▸ Data:
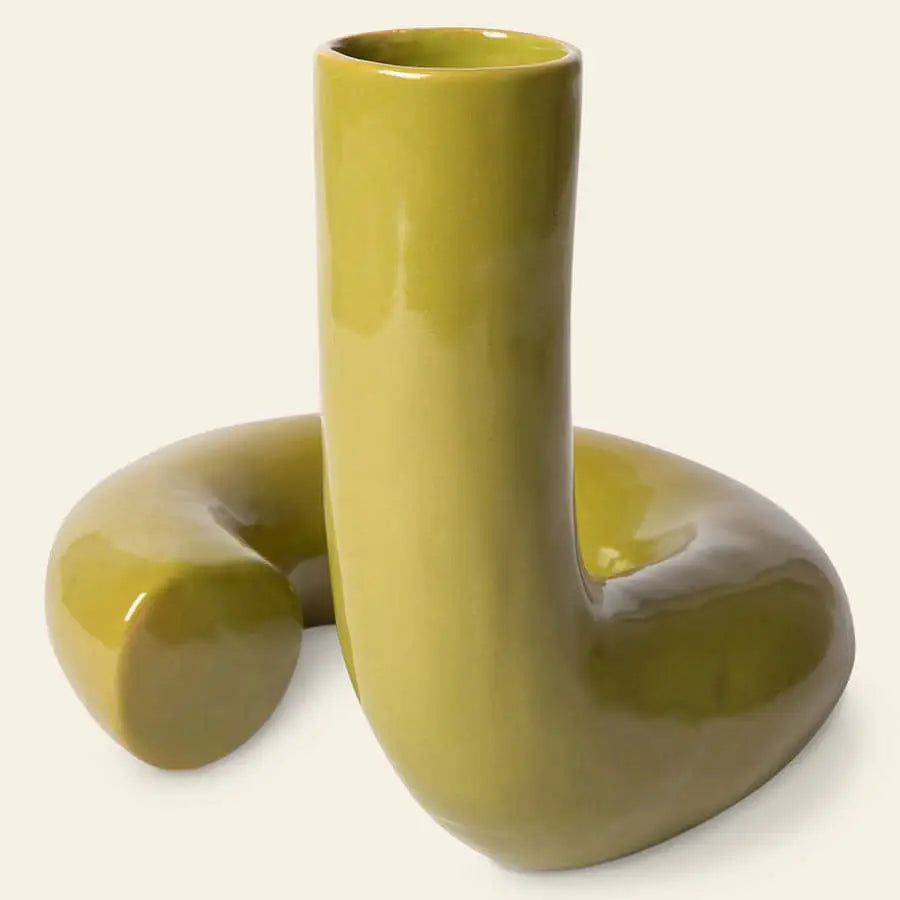The HKliving HK Objects: Ceramic Twisted Vase by HKliving features a glossy olive finish and a unique curved design, resembling an abstract sculpture, displayed against a plain light background.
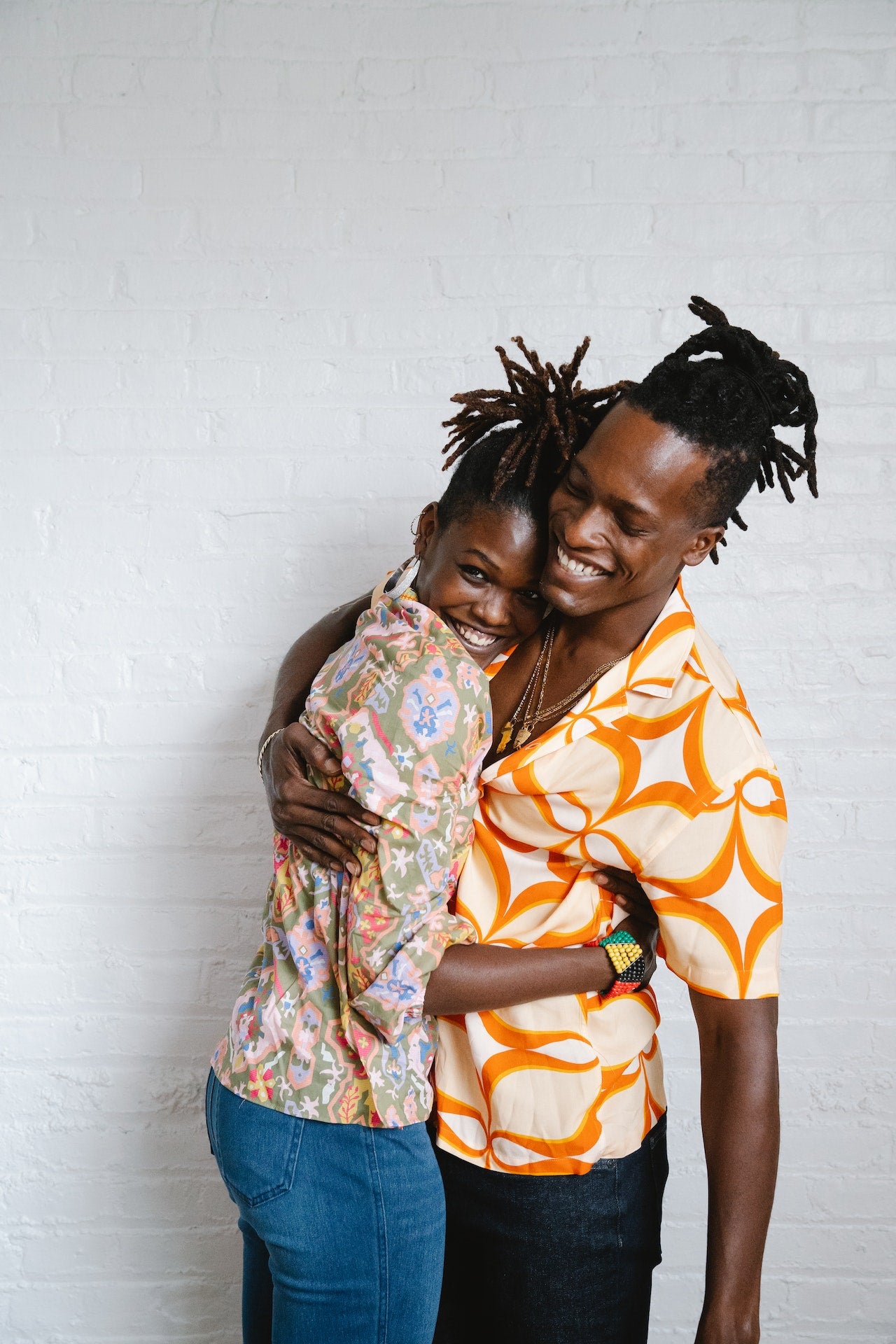 a couple with dreadlocks hugging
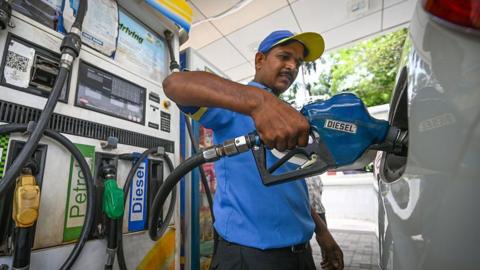 An attendant at a petrol station is pictured filling a car with diesel in India.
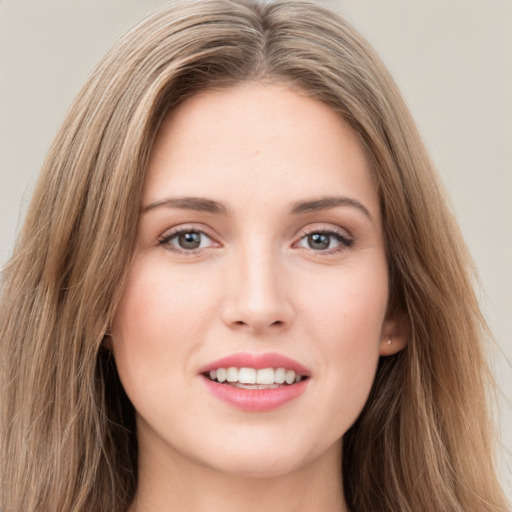 Joyful white young-adult female with long  brown hair and green eyes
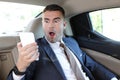 Horrified businessman stressed out in backseat holding mobile phone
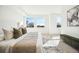 Sun-filled main bedroom featuring bright, oversized windows, neutral decor, and soft carpet at 1412 Pierce St, Lakewood, CO 80214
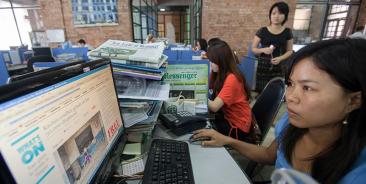 Journalists at work in the news room of of Myanmar Times weekly journal, Yangon, Myanmar. Photo: Lynn Bo Bo/EPA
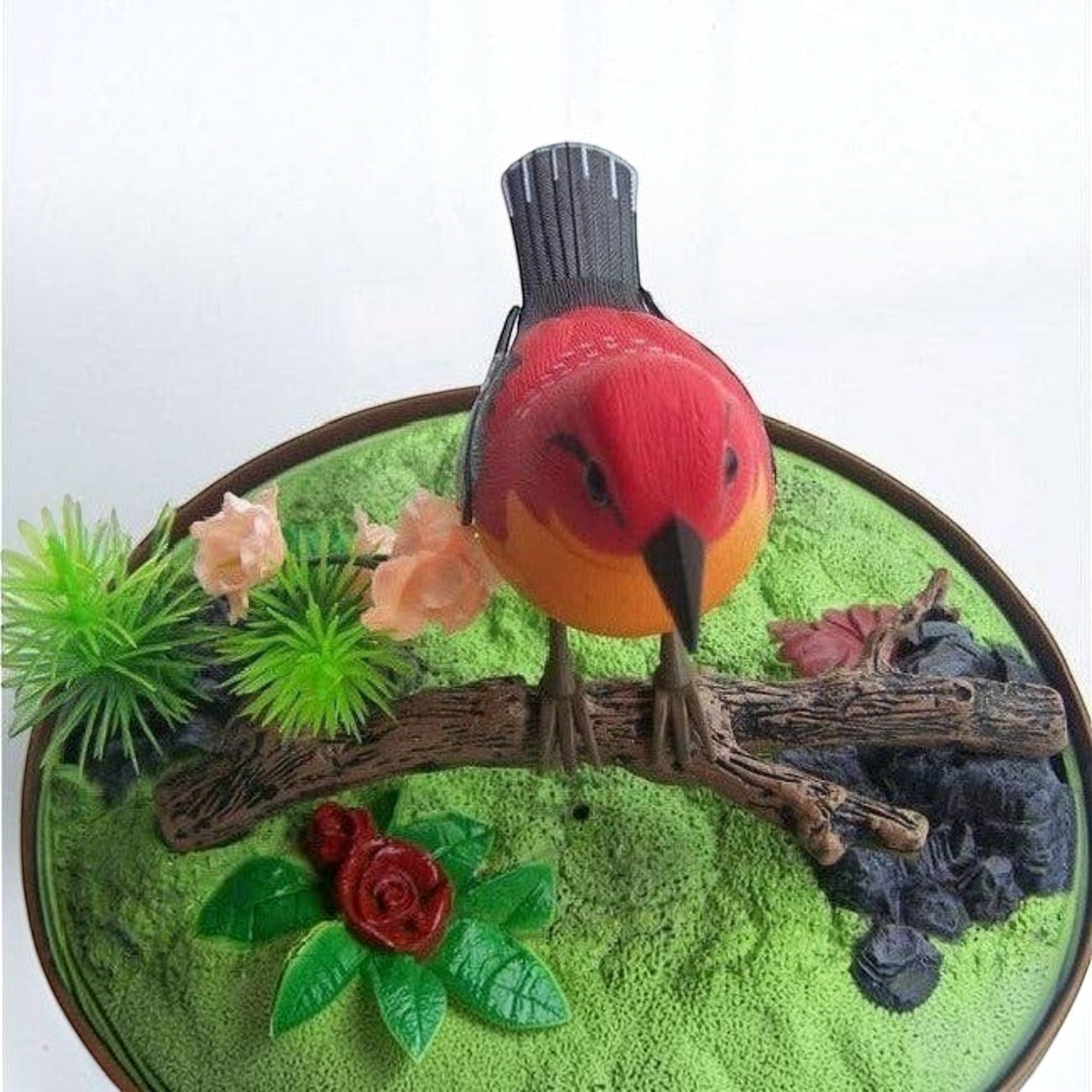 Mellow Monkey sound-activated red singing bird toy perched on a branch inside a decorative cage with faux greenery.
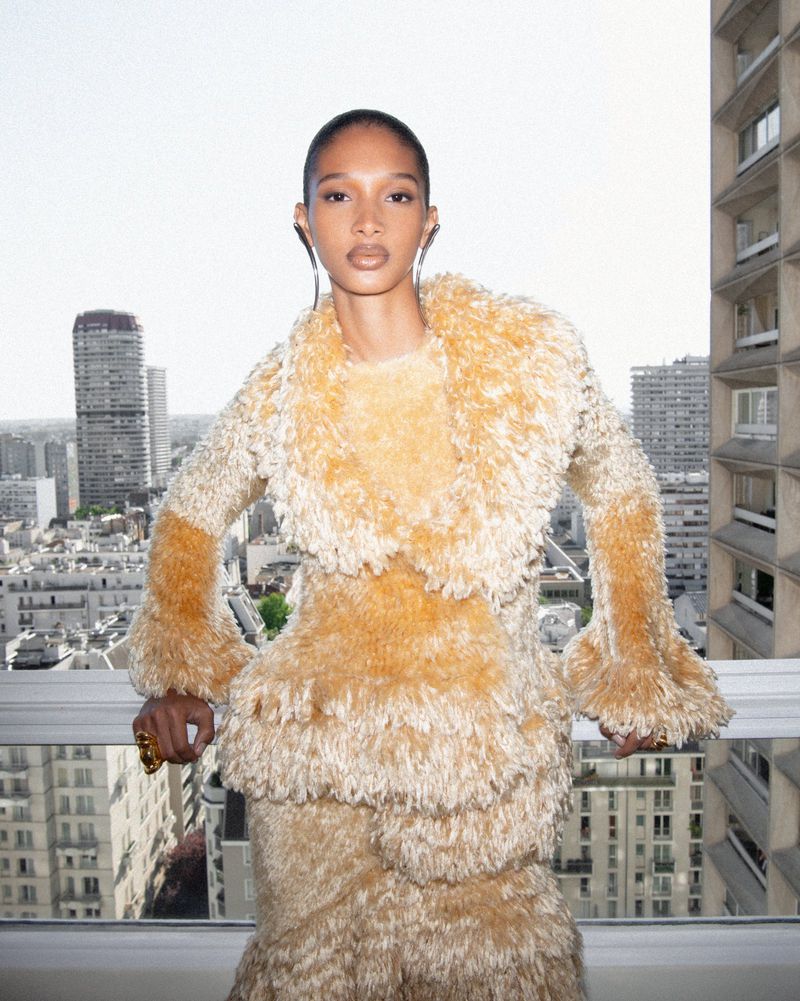 Elegant adult female poses in a shaggy, layered dress with a matching jacket in an urban setting with tall buildings in the background.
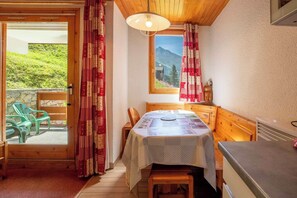 A cozy room with a wooden table, chairs, and a view of a mountain through a window. - Sherpa 11 on the snow front of Mottaret (Les Allues)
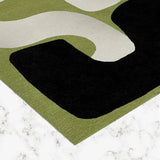 Olive green modern abstract geometric handwoven rug with black and cream shapes on marble floor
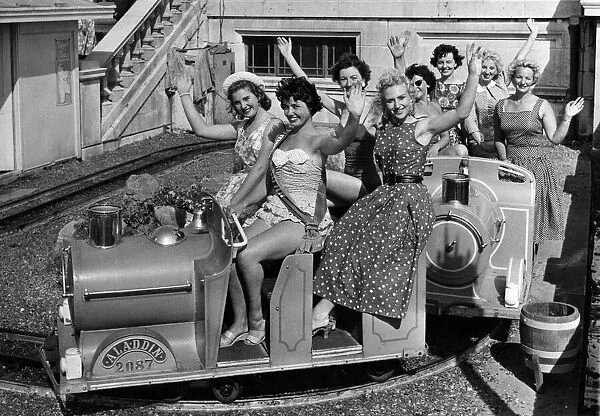 Women: Beauty contest. Contestants in the Mirror Beach Fashion Show ride the fairground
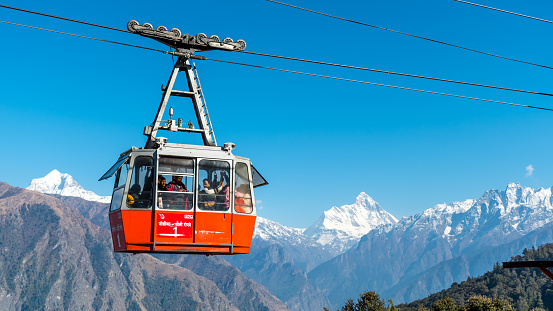 Gondola cabins of the Auli Ropeway, Asia's longest, traveling over lush slopes with panoramic Himalayan views.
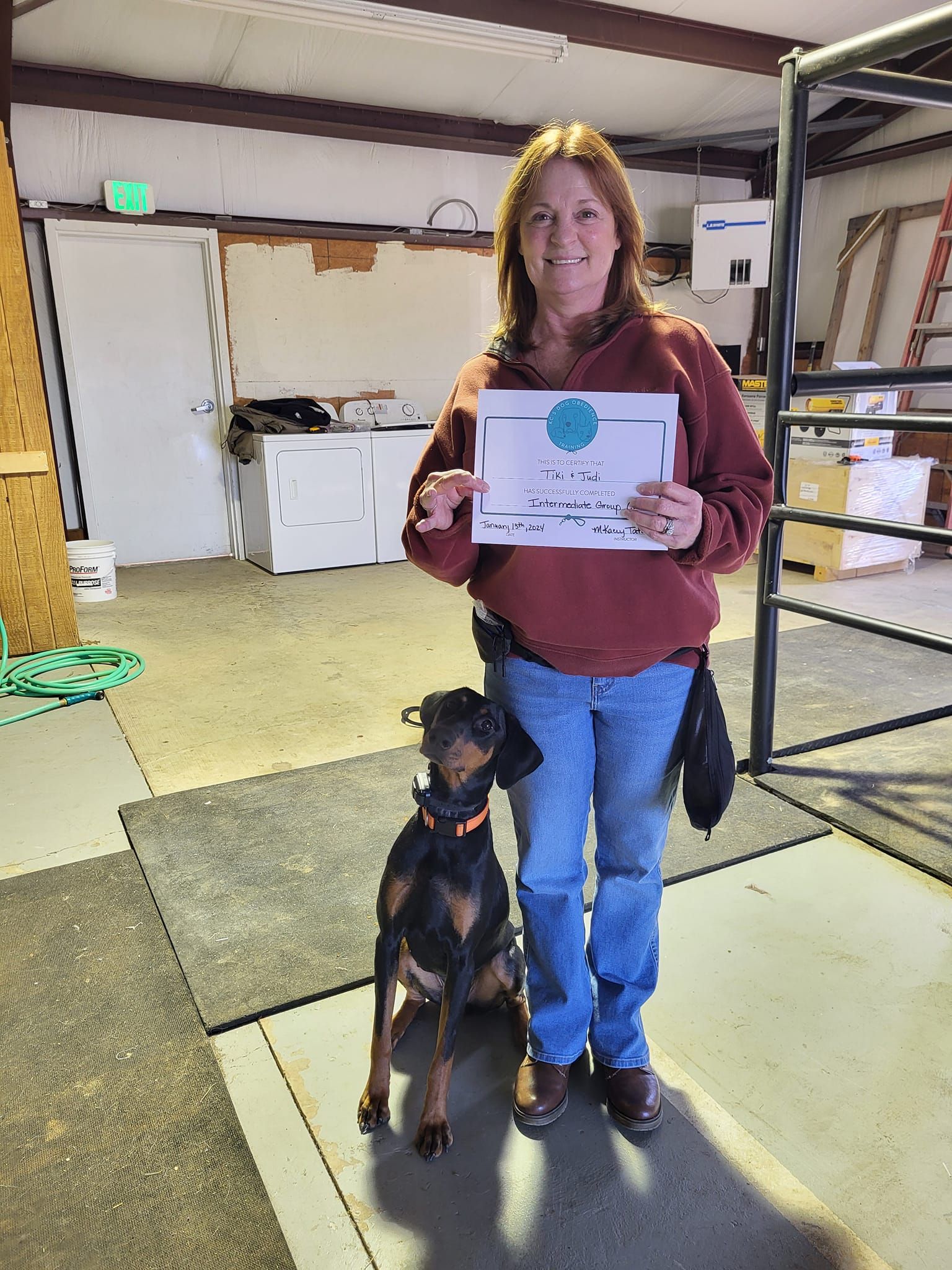 A woman is standing next to a dog and holding a certificate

▸ Work required: Copy only the lines above from the one containing "Sun-filled main bedroom" through the one containing "Mellow Monkey sound-activated", both included. Leave out the pictures.

▸ Output below:
 Sun-filled main bedroom featuring bright, oversized windows, neutral decor, and soft carpet at 1412 Pierce St, Lakewood, CO 80214
 Journalists at work in the news room of of Myanmar Times weekly journal, Yangon, Myanmar. Photo: Lynn Bo Bo/EPA
 Mellow Monkey sound-activated red singing bird toy perched on a branch inside a decorative cage with faux greenery.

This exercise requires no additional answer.